MATERIAL SUPPLIED:
========

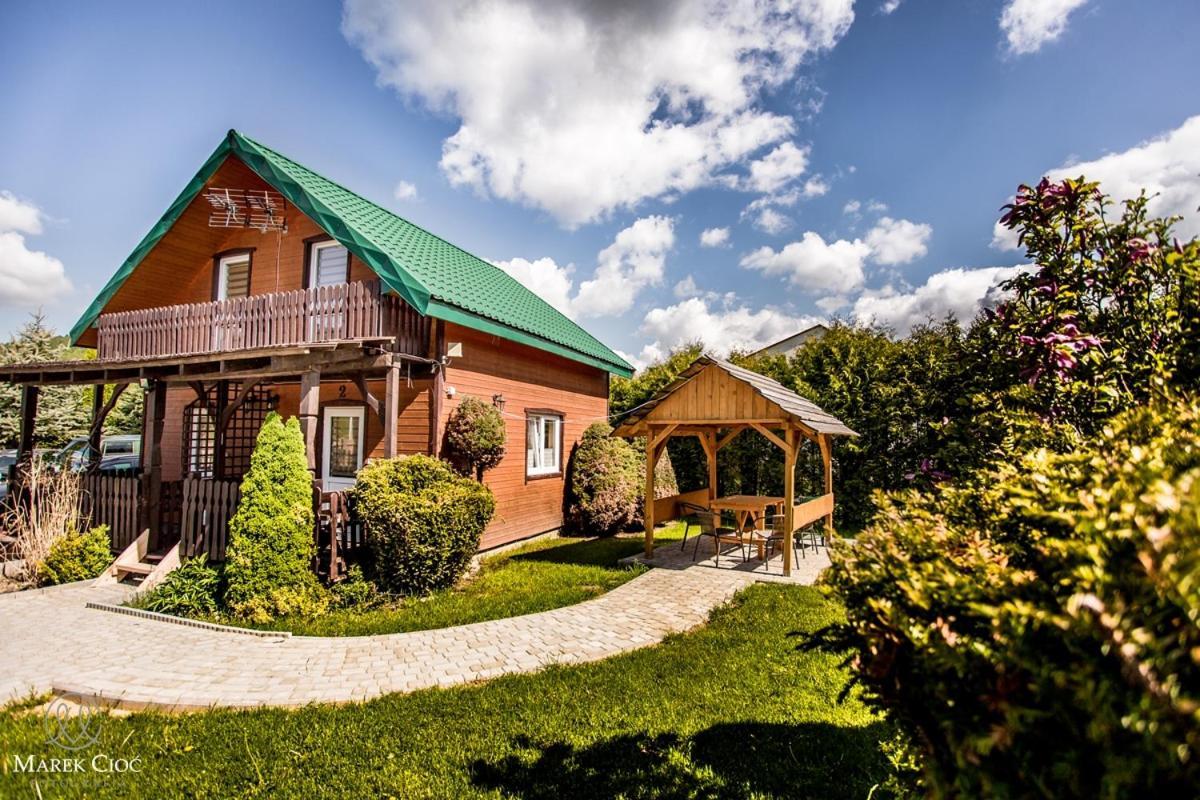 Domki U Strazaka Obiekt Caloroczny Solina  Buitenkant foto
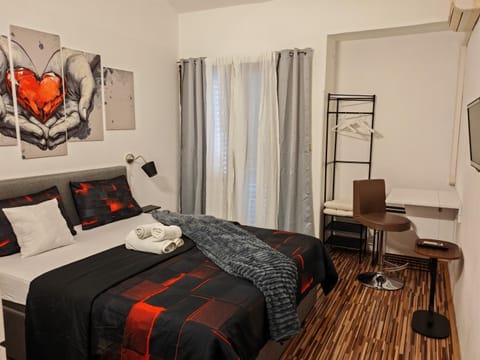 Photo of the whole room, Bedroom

========

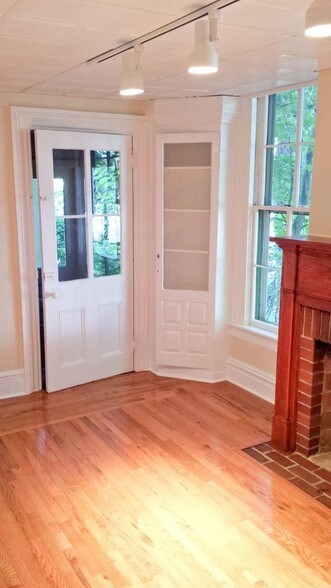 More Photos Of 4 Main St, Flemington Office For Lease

========

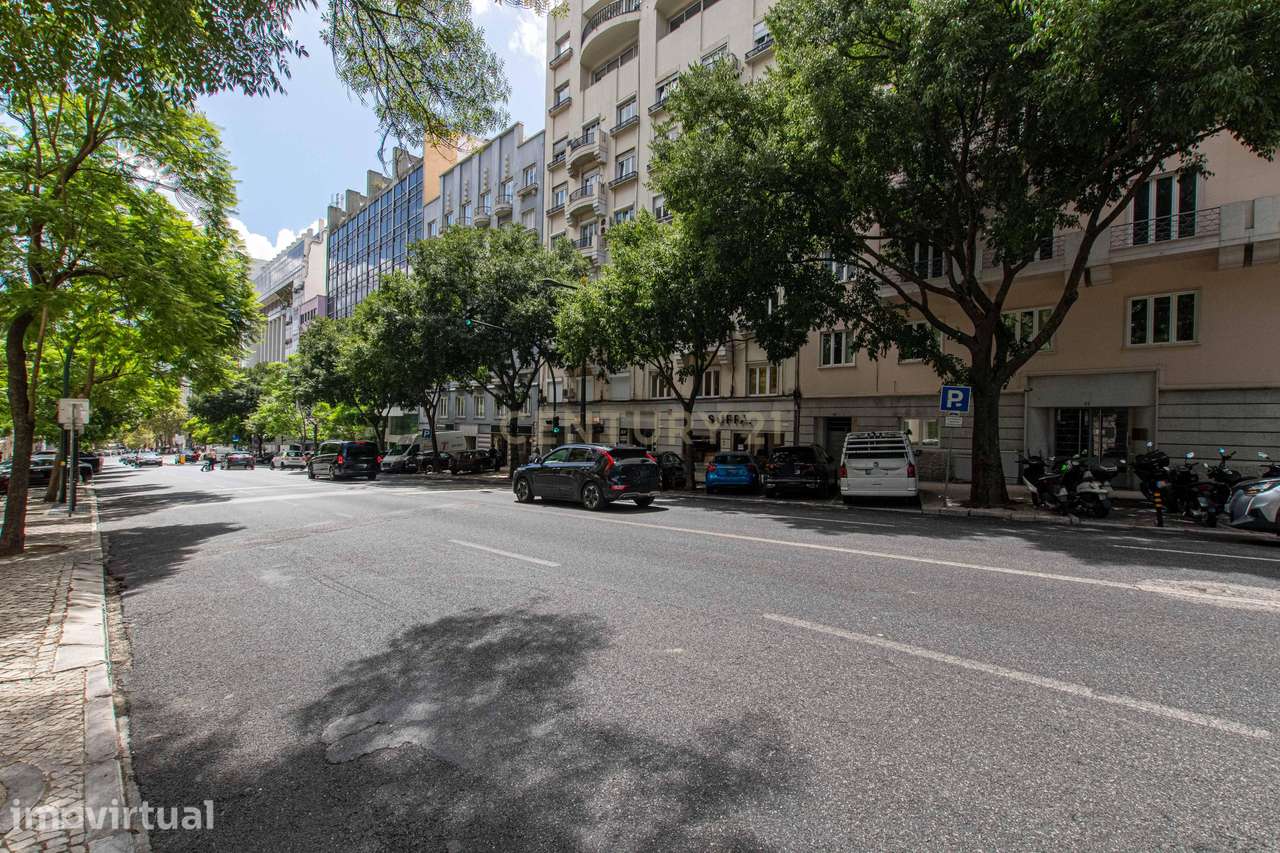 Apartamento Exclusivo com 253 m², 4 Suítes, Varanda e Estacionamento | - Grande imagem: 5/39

========

WORK INSTRUCTIONS: Return the stretch of data that begins with the line showing "Domki U Strazaka" and goes on through the line showing "Photo of the whole room, Bedroom", exactly, with pictures removed.

TASK SOLUTION:
 Domki U Strazaka Obiekt Caloroczny Solina  Buitenkant foto
 Photo of the whole room, Bedroom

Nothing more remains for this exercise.